The affirmation of the banks' Caa3 deposit ratings is primarily driven
by the rating agency's 'Loss Given Failure' (LGF) analysis
of banks' liability structure and the relatively small pool of unsecured
liabilities available to absorb losses in a potential bank resolution
scenario. The deposit ratings also reflect the on-going
deposit controls in Greece, and the fact that depositors do not
have instant access to the full amount of their deposits. The banks'
senior unsecured ratings were upgraded to (P)Caa3 from (P)Ca based on
the full application of the rating agency's LGF analytical approach
following the stabilisation of banks' liability structures.
Previously these debt ratings were benchmarked at Ca based on expected
losses, following the liability management exercises and exchange
offers to senior bondholders that banks carried out in late 2015,
as part of their last recapitalisation.
Moody's said that its Greek bank ratings balance the improvements
in their credit profiles against the still significant downside risks
stemming from the fragile operating environment in Greece and the very
high level of nonperforming loans.
A full list of affected ratings is provided at the end of this press release.
RATINGS RATIONALE
UPGRADES OF BCAs TO caa2 FROM caa3
The upgrade of the four Greek banks' BCAs to caa2 from caa3 reflects the
following factors:
--- GREECE'S MACRO PROFILE CHANGED TO 'VERY
WEAK+' FROM 'VERY WEAK'
Following the sovereign rating upgrade, the macro profile for Greece
that is used in Moody's banking scorecards that derive the BCAs
has been changed to 'Very Weak+' from 'Very Weak',
due to the rating agency's improved view of the country's
institutional strength factor. This was primarily triggered by
the conclusion of the second review of the country's adjustment
programme, and the fact that public institutions in Greece have
benefited from the technical assistance provided by the official creditors.
Greece's macro profile also reflects the difficult credit and funding
conditions, with structural challenges faced by all banks.

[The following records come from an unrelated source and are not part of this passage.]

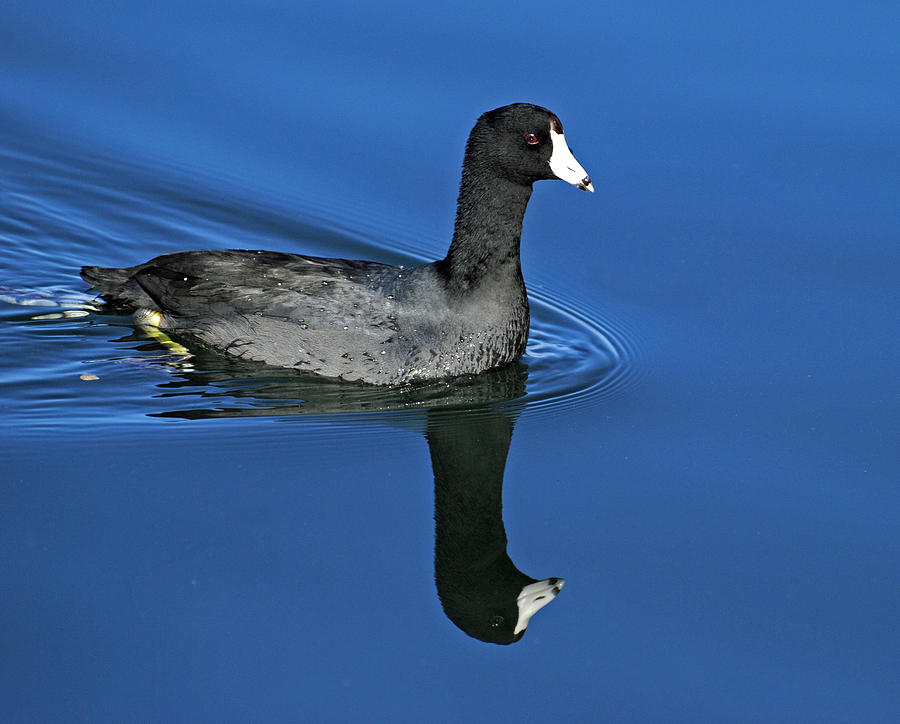 American Coot Photograph by George Davidson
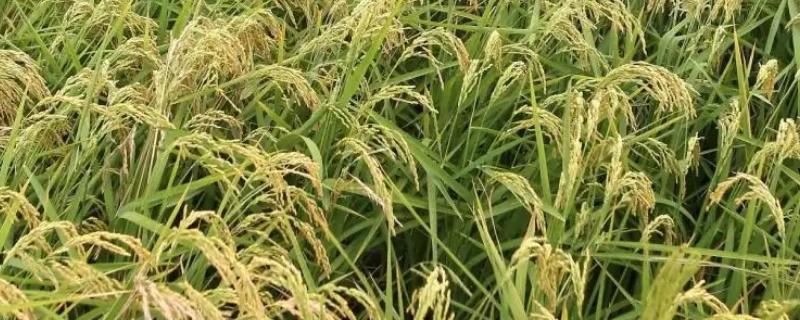 民香优1174水稻种子特点，6月中旬播种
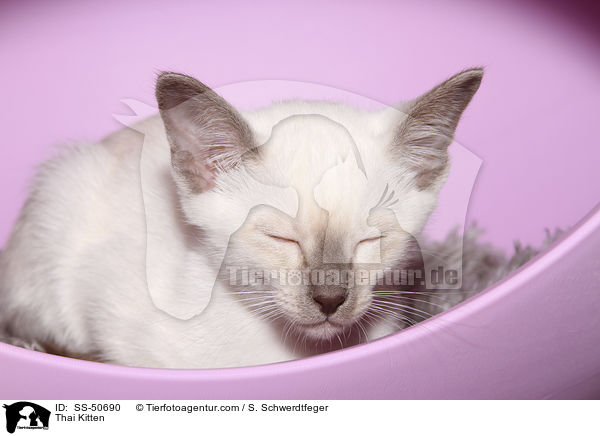 Thai Ktzchen / Thai Kitten / SS-50690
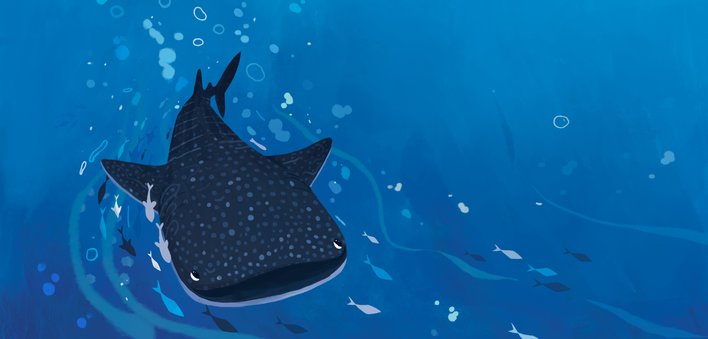 A whale shark swimming happily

--- IMPROVED FUNDING PROFILES
The BCA upgrades also reflect the recent improvements in their funding
profiles with the reduction of the high cost Emergency Liquidity Assistance
(ELA), which was around €41 billion for the system in May 2017,
down from €87 billion in June 2015. Moody's expects further
reduction in the banks' dependence on ELA, following the conclusion
of the second review of the country's support programme by its official
lenders (EC/ECB/ESM/IMF). This development should improve confidence
in the banks, resulting in gradual deposit inflows from the approximately
€10 billion of cash still placed outside the banking system.
The rating agency also expects a gradual relaxation of the capital controls
that remain in place in Greece, which allow depositors to withdraw
only €840 every two weeks. Full repayment of the ELA is one
of Greek banks' top priorities, although this is unlikely
to materialise for all four banks over the next 12-18 months.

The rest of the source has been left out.